Complete the code by filling in the blanks.
oj_tr <- oj |>
filter(__BLANK__ "tropicana")
oj_mm <- oj |>
filter(__BLANK__ "minute.maid")
oj_do <- oj |>
filter(__BLANK__ "dominicks")
oj_tr_sum <- skim(oj_tr)
oj_mm_sum <- skim(oj_mm)
oj_do_sum <- skim(oj_do)
Question 12
Using the oj data.frame, how would you create a new data.frame, oj_no_NA, in which there is no missing value in price and sales?
Complete the code by filling in the blanks.
oj_no_NA <- oj |>
filter(__BLANK__)
Question 13
How would you describe how the distribution of price varies by brand?
Complete the code by filling in the blanks.

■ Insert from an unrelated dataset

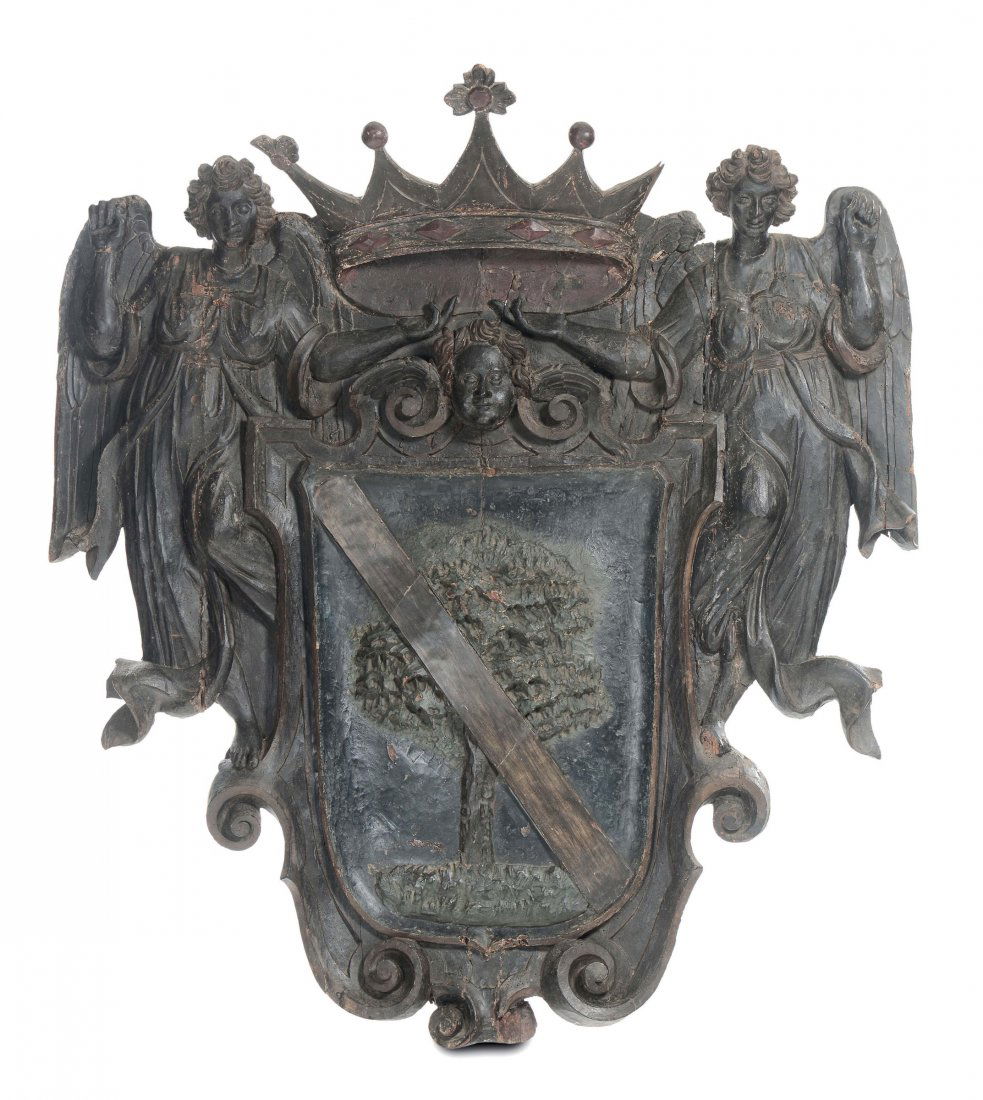 A great wooden and painted crest of the venetian: Importante stemma con figure di angeli ai lati che sorreggono corona patrizia scolpito nei modi influenzati dai modelli dello scultore e architetto Jacopo Sansovino (Firenze 1466 - Venezia 1570) cm 16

ggplot(data = __BLANK 1__,
mapping = aes(x = __BLANK 2__,
__BLANK 3__)) +
__BLANK 4__(show.legend = FALSE, # `show.legend = FALSE` turns off legend
__BLANK 5__ = 40) +
facet_wrap(__BLANK 6__,
__BLANK 7__ = 1)
Question 14
Provide a comment to describe how the distribution of price varies by brand. (Please be specific.)
Question 15
How would you describe how the relationship between (1) the base-10 log of sales and (2) the base-10 log of price varies by brand?

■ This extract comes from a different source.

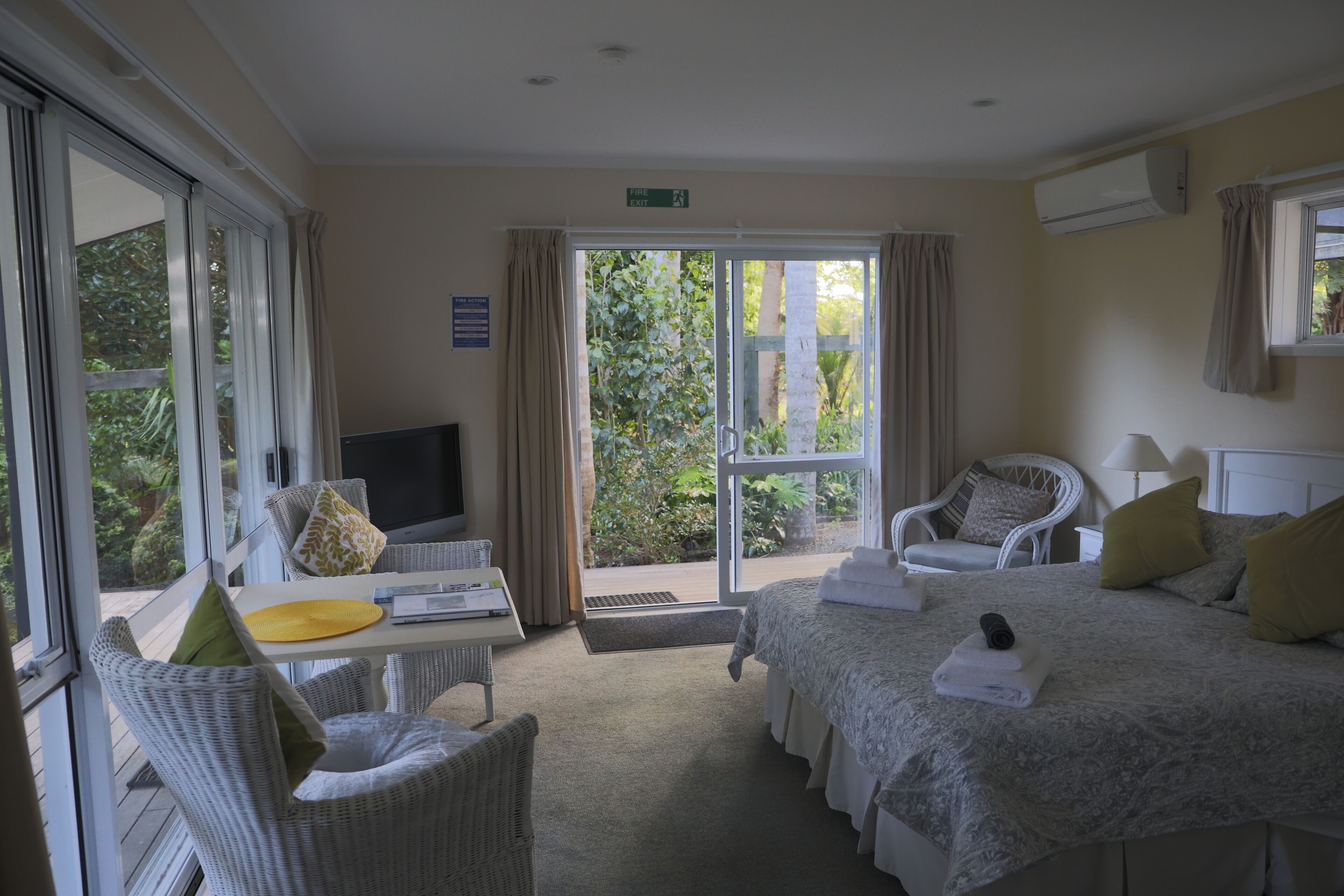 Dove (Attached unit to main house) | Living area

Complete the code by filling in the blanks.
ggplot(data = __BLANK 1__,
mapping = aes(x = __BLANK 2__,
y = __BLANK 3__,
__BLANK 4__ = brand,
__BLANK 5__ = brand)) +
geom_point(__BLANK 6__ = .1) +
geom_smooth(__BLANK 7__)
Question 16
Provide a comment to describe how the relationship between (1) the base-10 log of sales and (2) the base-10 log of price varies by brand? (Please be specific.)
Question 17
How would you visualize how the relationship between (1) the base-10 log of sales and (2) the base-10 log of price varies by brand and ad_status?
Complete the code by filling in the blanks (BLANKS 1-7 are the same as the ones in Question 13).

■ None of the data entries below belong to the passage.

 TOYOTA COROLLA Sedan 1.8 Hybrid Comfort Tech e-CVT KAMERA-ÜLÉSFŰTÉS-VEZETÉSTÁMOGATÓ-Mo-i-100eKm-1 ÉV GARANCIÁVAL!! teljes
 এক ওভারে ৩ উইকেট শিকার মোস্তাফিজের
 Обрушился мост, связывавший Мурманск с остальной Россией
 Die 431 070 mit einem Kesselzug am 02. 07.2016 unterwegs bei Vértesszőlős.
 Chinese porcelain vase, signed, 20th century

ggplot(data = __BLANK 1__,
mapping = aes(x = __BLANK 2__,
y = __BLANK 3__,
__BLANK 4__ = brand,
__BLANK 5__ = brand)) +
geom_point(__BLANK 6__ = .1) +
geom_smooth(__BLANK 7__) +
facet_wrap(__BLANK 8__)
Question 18
Provide a comment to describe how the relationship between (1) the base-10 log of sales and (2) the base-10 log of price varies by brand and ad_status. (Please be specific.)
Questions 19-20
Consider the following mlb_bat data.frame for Questions 19-20:
mlb_bat <- read_csv("https://bcdanl.github.io/data/MLB_batting.csv")
Question 19
How would you describe the yearly trends in hit percentages for each hit_type (e.g., Single, Double, Triple, and HomeRun)?
Complete the code by filling in the blanks.
ggplot(data = __BLANK 1__,
mapping = aes(x = __BLANK 2__,
y = __BLANK 3__,
color = __BLANK 4__,
fill = __BLANK 5__)) +
__BLANK 6__() +
__BLANK 7__() +
__BLANK 8__() +
labs(title = "Hits by Type in Major League Baseball",
x = "Major League Baseball Season",
y = "Percentage",
fill = "Hit",
color = "Hit") # labs() allows for
# labeling x, y, color, fill, title, etc.
Question 20
Write a comment explaining how you would describe the yearly trends in hit percentages for each hit_type (e.g., Single, Double, Triple, and HomeRun).